Tuesday, March 22, 2011

What "no new spending" actually means

Yesterday, John Key announced that there would be no new spending in this year's budget. In order to meet the costs of the Christchurch earthquake, the government was going to cut everywhere else, reducing its already penurious $800 million allowance for new spending to nothing. Health and education would still get an increase (purely so they can respond to cries of "cuts" with claims that they are spending more money than ever before), but this would come at the expense of savings elsewhere.

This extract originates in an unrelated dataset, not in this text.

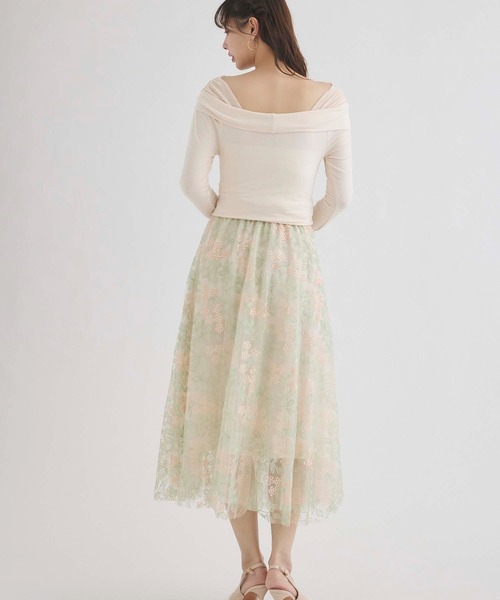 fifth(フィフス)の「オフショルチュールドッキングトップス(Tシャツ/カットソー・レディース・ミント/アイボリー・M)」の9枚目の写真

Over on The Standard, Marty G analyses what this means for other government spending. And the answer is that it is dire. Depending on what is locked in, the remaining departments are looking at cuts of between 18 and 32 percent. That means shutting down between a fifth and a third of their current services, sacking between a fifth and a third of their staff. We haven't seen this sort of slash and burn exercise since the 90's, last time National was in power. In fact, even Ruth Richardson's infamous "Mother of all Budgets" didn't do this. What we're looking at here is a truly radical exercise, using a natural disaster as an excuse for a wholesale attack on core government services. Meanwhile, of course, the rich's tax cuts remain sacrosanct. So, rather than the burden being shared equitably, it'll be the poor who will pay for the earthquake, while people like John Key sip champagne and laugh.